La oposición venezolana está conformada por al menos 11 partidos políticos y un abanico casi infinito de personalidades encendidas, las más prominentes de ellas, en el exilio. Cuenta con un respaldo estable, y a momentos incondicional, de un caudal de la población que oscila entre el 37 (2006) y 56% (2015) de los votantes, según las circunstancias en las que tuvo opción de emerger electoralmente. Su mayor debilidad es su tozuda incomprensión del chavismo, el fenómeno político que la echó del poder en todos los años que van de este siglo.
La oposición venezolana carece de cohesión ideológica. En sus filas se agrupan social demócratas, ultraconservadores, demócrata cristianos y anticomunistas rabiosos. Por la vía del repudio, los unía Chávez y ahora lo hace Maduro. Sin bien en estas dos décadas de sequía ya ganó sus primeras elecciones, las legislativas de 2015, conquistando 112 de los 167 escaños disponibles, no ha podido, cuatro años más tarde, convertir ese triunfo en una acción ininterrumpida de recuperación del poder central.
Ni la escasez de alimentos o medicinas ni la simpatía que fue cosechando por el mundo, bastaron aún para provocar el desmoronamiento del régimen. Uno a uno, los líderes opositores venezolanos fueron derribados, ya sea por la violencia o la astucia gubernamental o el despiadado serrucho de sus propios compañeros de lucha. Vivimos el auge y la caída de Rosales, luego de Capriles, después de López y ahora del ingeniero Juan Guaidó.
El más superficial de los análisis del discurso de la oposición en Venezuela concluiría de inmediato en que aunque ya han cumplido con todos los requisitos para derribar a Nicolás Maduro, siempre les falta lo mismo: que el chavismo se fracture, que los militares se amotinen, que el muro contra el que se vienen estrellando desde hace 20 años muestre, al menos, una inicial rajadura.
Sin embargo, esto no siempre fue así. En 2013, Henrique Capriles estuvo a sólo 200 mil votos de ganarle al chavismo en las urnas. Con Chávez ya enterrado, el exgobernador de Miranda tuvo la controvertida idea de reivindicar a Bolívar para disputarle al prolongado gobierno aquel monopolio de la justicia social que antes le regalaban.
Por primera vez, tras dos elecciones fallidas, la oposición se arriesgaba a hablarle al venezolano de los cerros de Caracas y estuvo a punto de convocarlo a plenitud.
En 2015, eufórica con su triunfo, con dos tercios del Congreso en sus manos, a la oposición venezolana le brotó aquel viejo reflejo de la dominación vengadora, es decir, el ansia de aniquilar al adversario. Los años que siguieron, 2016, 2017 y 2018, fueron una calesita de torpezas, desplantes y enconos internos. En algún momento pasaron de sus 112 curules a solo 64. Nunca tantas personas se habían mostrado tan incompetentes.
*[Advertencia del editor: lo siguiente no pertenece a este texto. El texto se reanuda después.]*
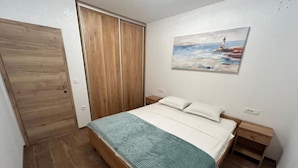 A bedroom with a wooden bed, a nightstand, a wooden wardrobe, and a painting on the wall. - House Sunshine (Pasman)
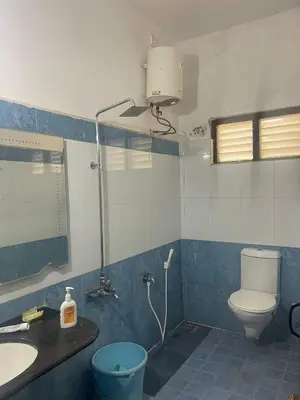 a bathroom with a toilet and a sink and a mirror at Yes Yes Farms in Pollāchi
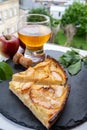 Apple products of Normandy, homemade baked apple cake, glass of cider drink and houses of Etretat village on background, Normandy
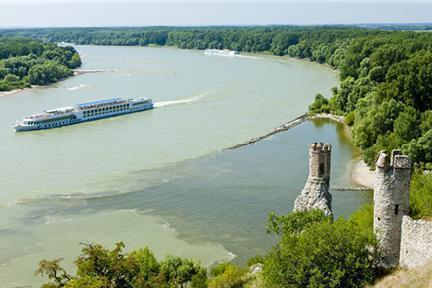 Crucero recorriendo el Danubio junto a las ruinas del castillo de Devín en Eslovaquia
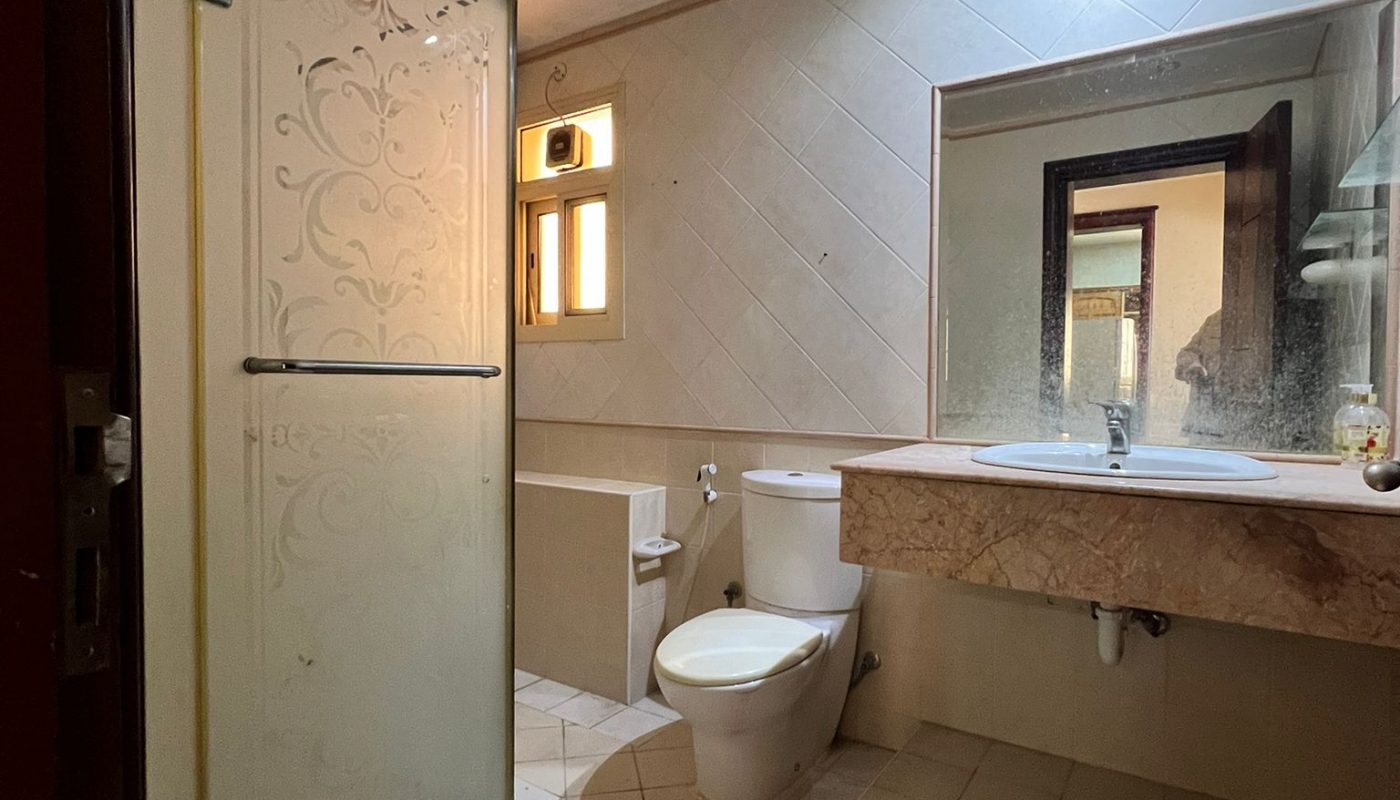 A bathroom with a toilet, sink, and shower stall. The floor is tiled, and there is a small window above the toilet.
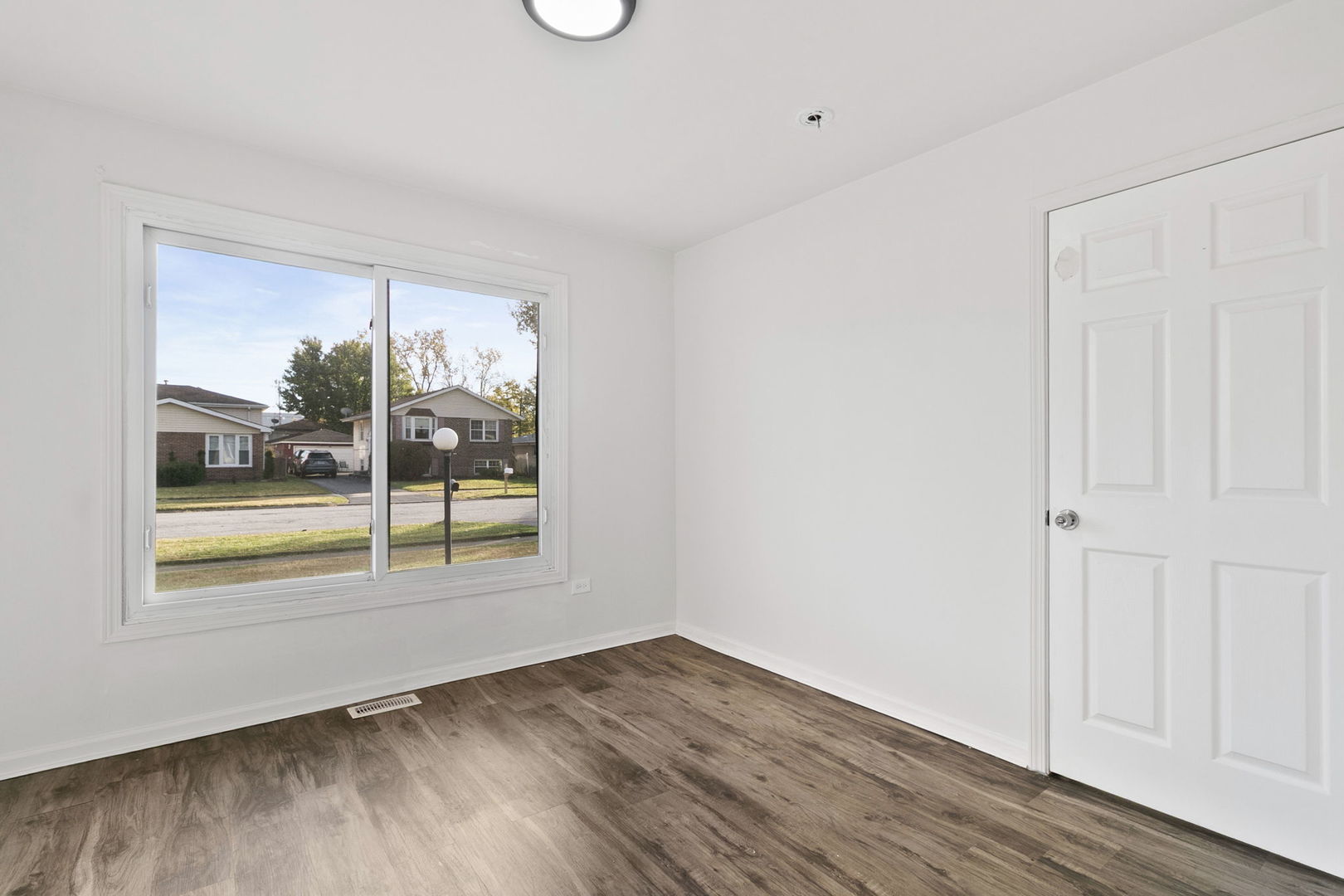 2236 West 157th Place Markham, IL 60426 - Photo 3 of 14 a view of an empty room with wooden floor and a window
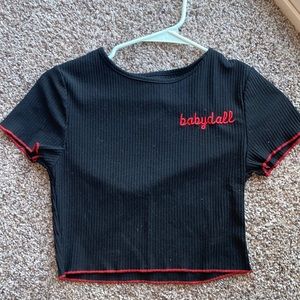 Size small. BabyDoll embroidery with red lining on the bottom and arms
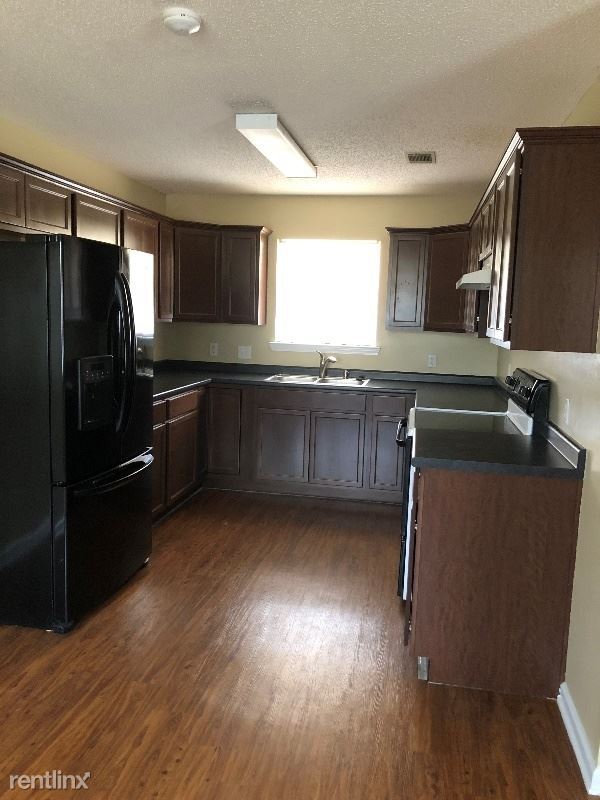 Building Photo - 3 br, 2 bath House - 910 Rice Ct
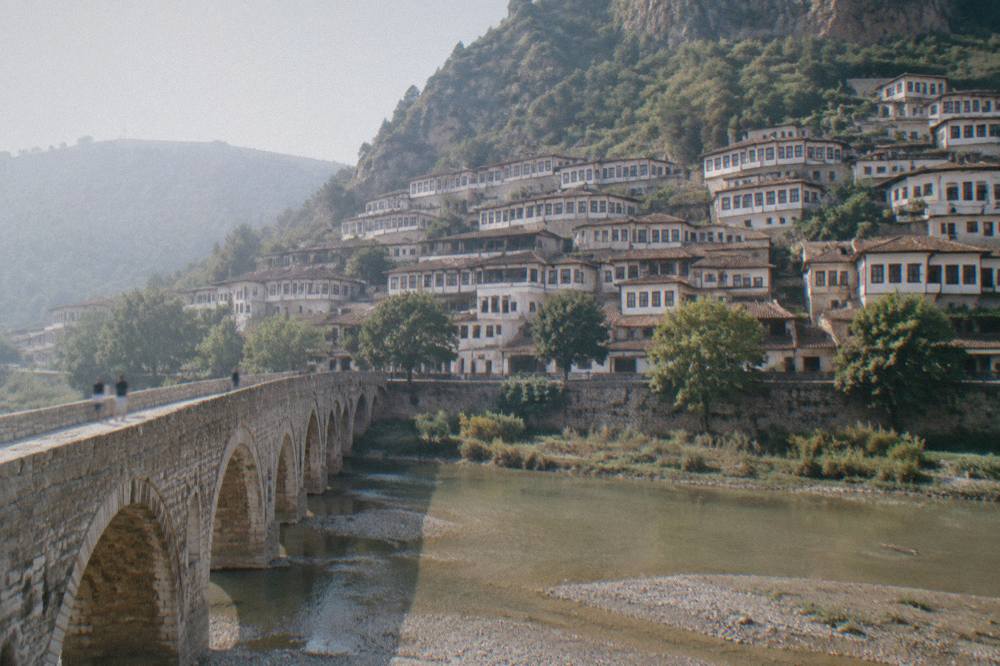 View across the Osum River from Gorica Bridge showing the stacked windowed houses of Mangalem on the hillside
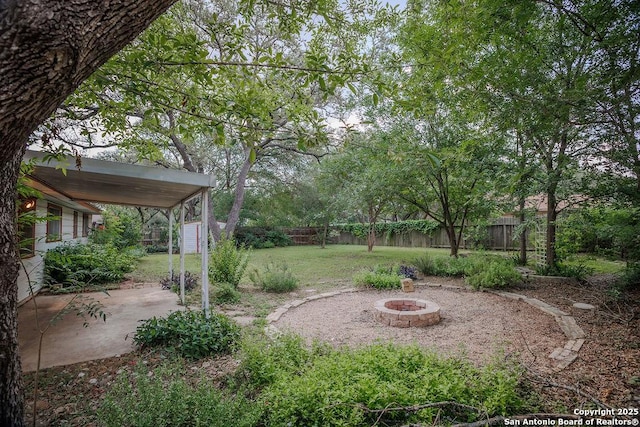 5634 Charlie Chan, San Antonio, TX 78240 - fenced backyard featuring a fire pit and a patio area
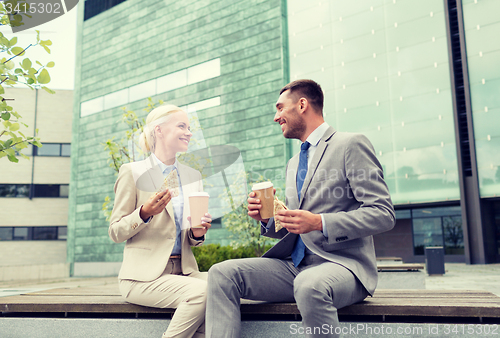 Image of smiling businessmen with paper cups outdoors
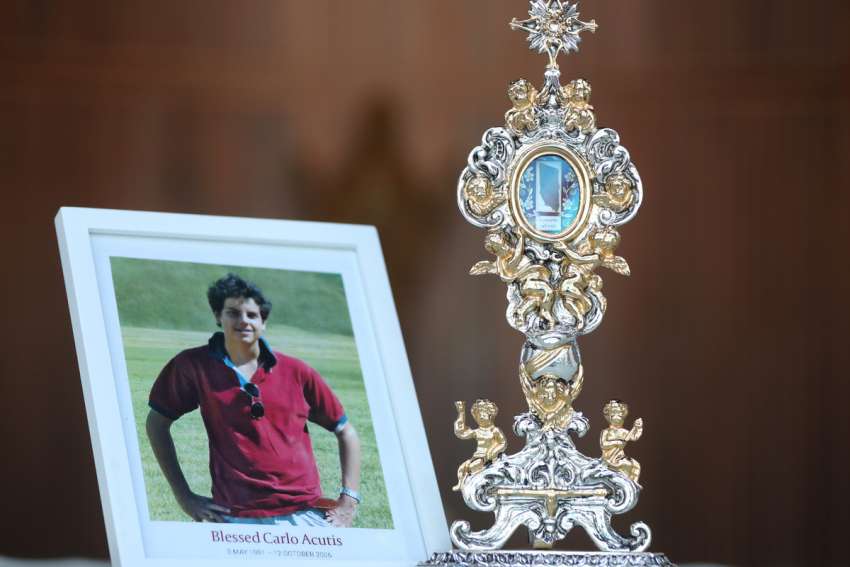 The reliquary containing remains of Blessed Carlo Acutis, and his photo. The Italian teen had a great love of the Eucharist and used his technology skills to build an online database of eucharistic miracles around the world.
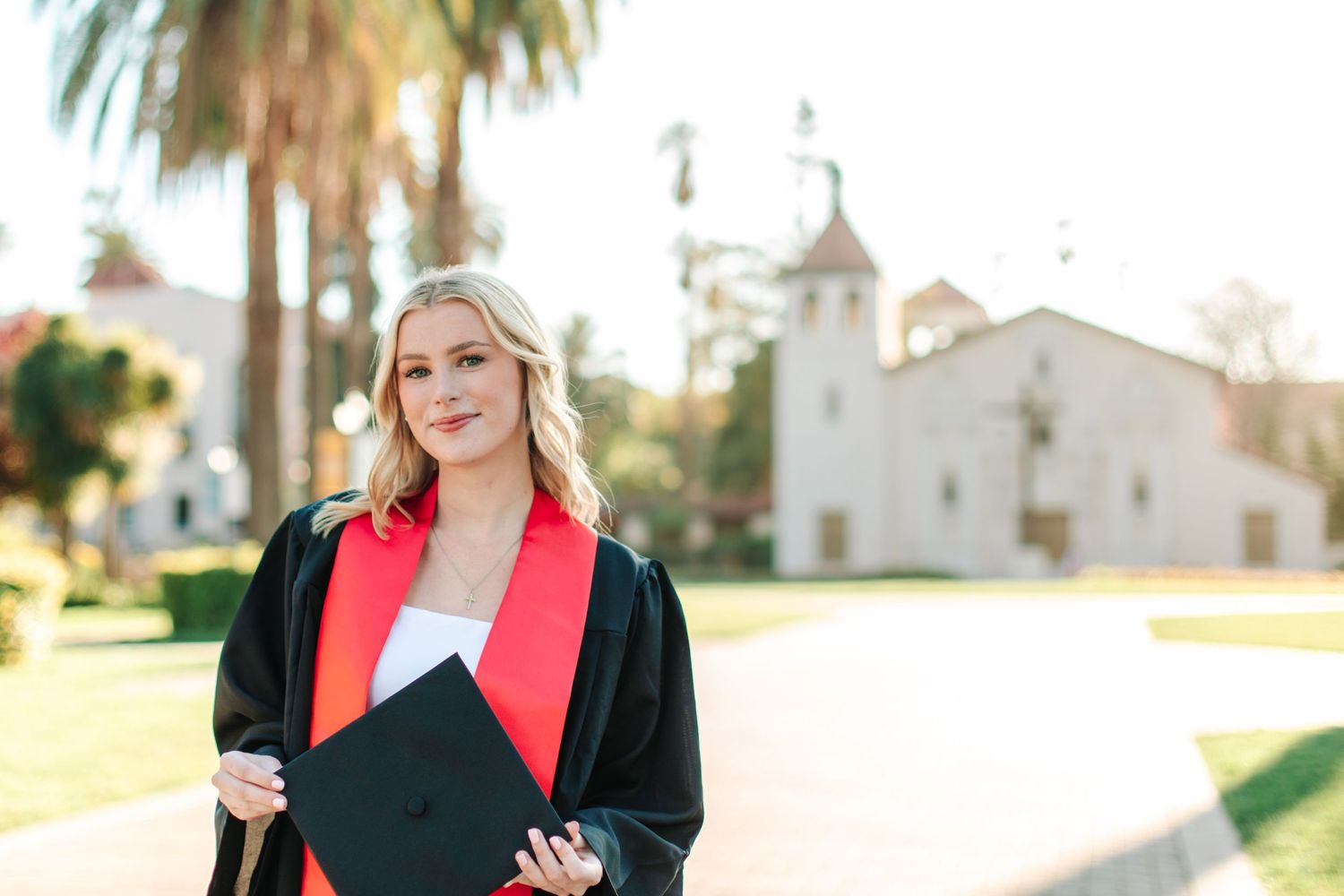 Smiling blonde graduate in black gown and red stole holding diploma near white mission-style church.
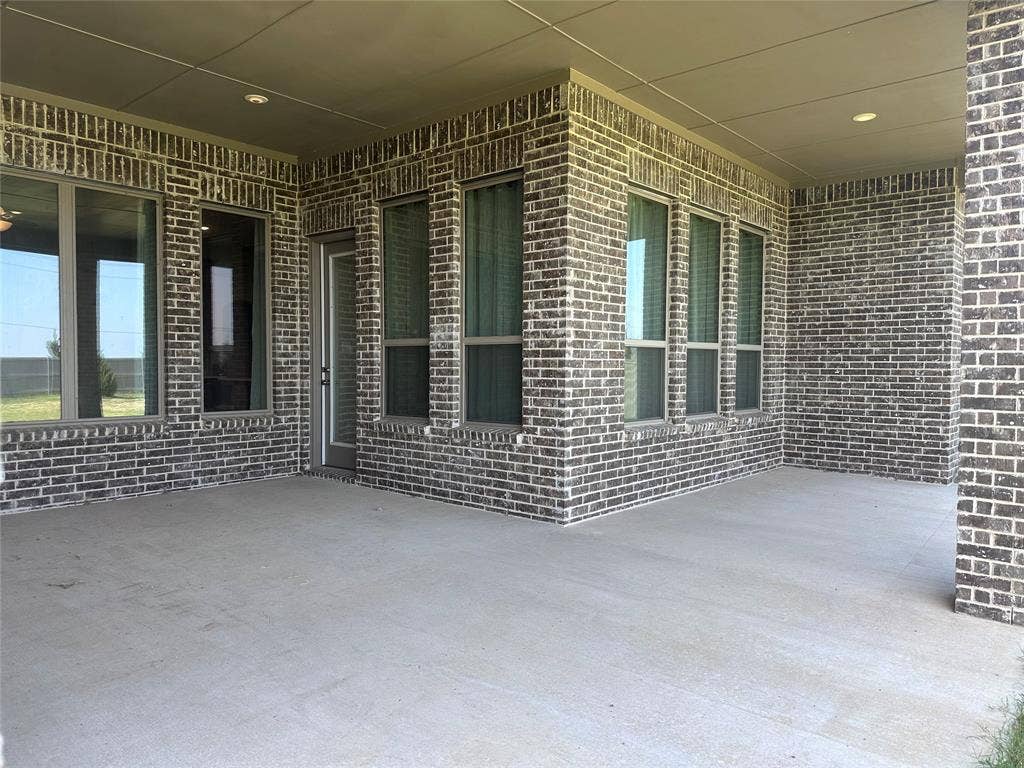 2608 Roaming Trail, Northlake, TX 76247 Covered patio with a concrete surface, brick exterior, multiple windows, and recessed lighting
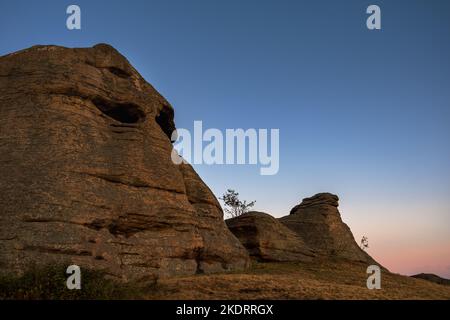 Heilige Felsen, Berge in der Form eines Kopfes, der von der untergehenden Sonne beleuchtet wird. Rock Bergklippe über Sonnenuntergang Himmel Hintergrund Ein Ort der Macht. Ein Ort Stockfoto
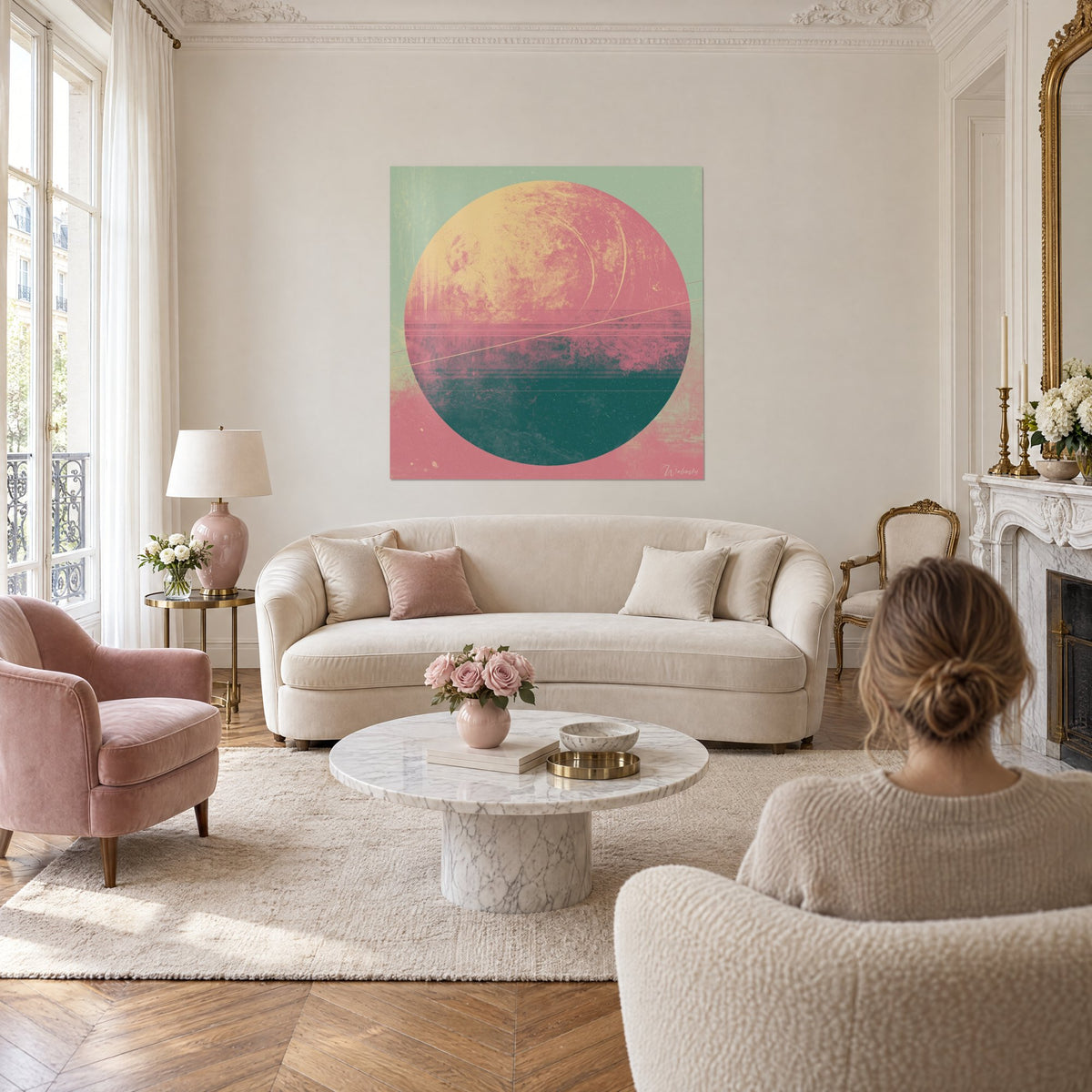 Wall art planet in pink and pale yellow on a sage green background, diagonal gold line, above a sofa in a bright living room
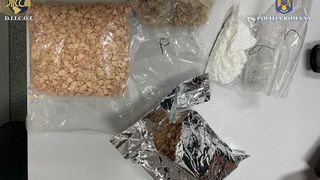 FOTO/VIDEO - Șase percheziții &icirc;n București, &icirc;ntr-un dosar ce vizează traficul de droguri de mare risc. Ce au descoperit procurorii DIICOT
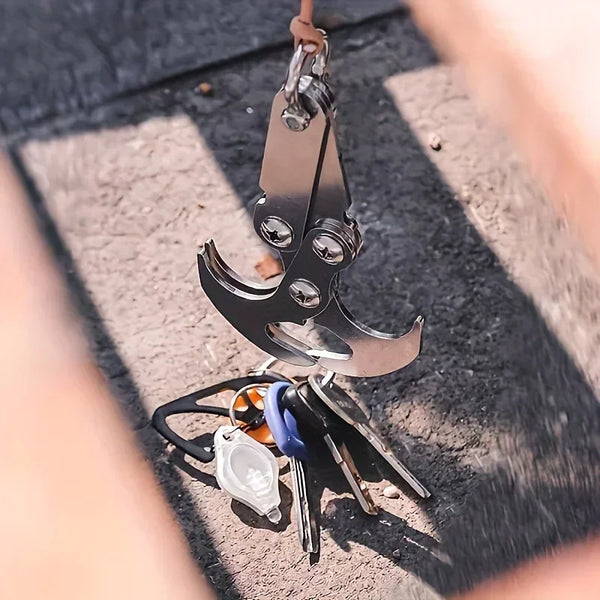 Stainless steel folding grappling hook with various tools resting on a dark surface.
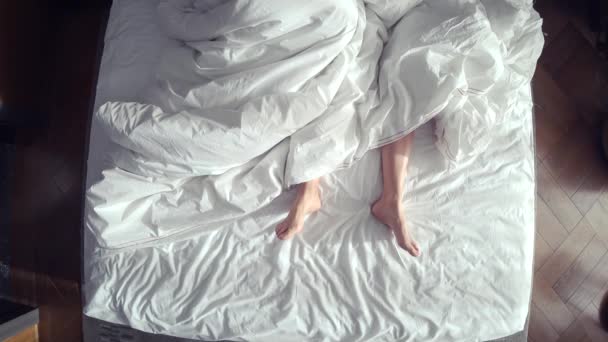 Par i sängen att älska. manliga och kvinnliga ben ovanifrån, vita sängkläder. kön, 4k — Stockvideo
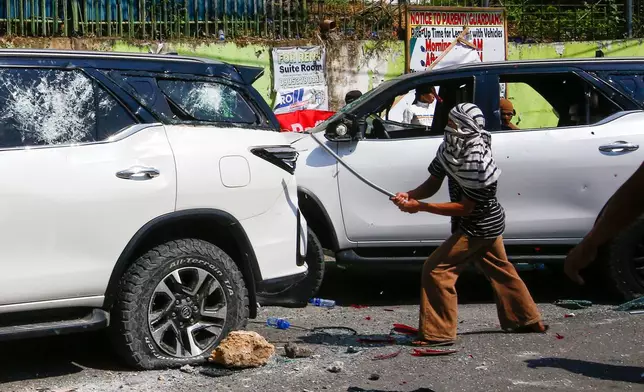 A man attacks a vehicle from an opposing group outside a school used as a polling center during the Bangsamoro Autonomous Region in Muslim Mindanao parliamentary elections in Cotabato city, southern Philippines, Monday, Sept. 14, 2026. (AP Photo)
Esos resbalones tonificaron la voz de los exiliados, de los residentes venezolanos en Miami, de los amigos selectos del secretario general de la OEA. El triunfo de Trump en los Estados Unidos, justo en ese mismo periodo, puso las pulsiones aún más efervescentes. Nació entonces el anhelo por el triunfo total, el desembarco de tropas extranjeras y la ansiada imagen de Maduro esposado, vestido en mameluco naranja, como el panameño Manuel Noriega hace 30 años.
Pues resulta que ahora, una oposición de esas características ha conseguido arrastrar a una parte sobresaliente de la comunidad internacional a la ejecución de un plan desquiciado. Consiste en que el 23 de febrero, caravanas cargadas de ayuda humanitaria, intentarán atravesar las fronteras de Venezuela, con el fin de despertar simpatía popular, pero sobre todo, de rebasar al ejército.
Si todo lo que piensan funciona según plan, el régimen debería sufrir una implosión. La oposición imagina camiones imitando el avance de las tropas aliadas en Francia tras el desembarco de 1940.
No, así no es. Una democracia sólo puede reinstalarse en serio cuando el destino del país empieza y termina en manos de la gente. Ninguna dictadura se desploma por presiones internacionales, ninguna se disuelve con cañonazos diplomáticos o bombardeos selectivos, transformada en mártir del imperialismo.
No sabemos si los días de Maduro están contados y si la cuenta tiene uno, dos o tres dígitos. Lo que sí queda claro es que al finalizar el compás, la democracia venezolana puede haber perdido todo el brillo que tuvo antes del Caracazo o en los primeros años de Chávez en el gobierno.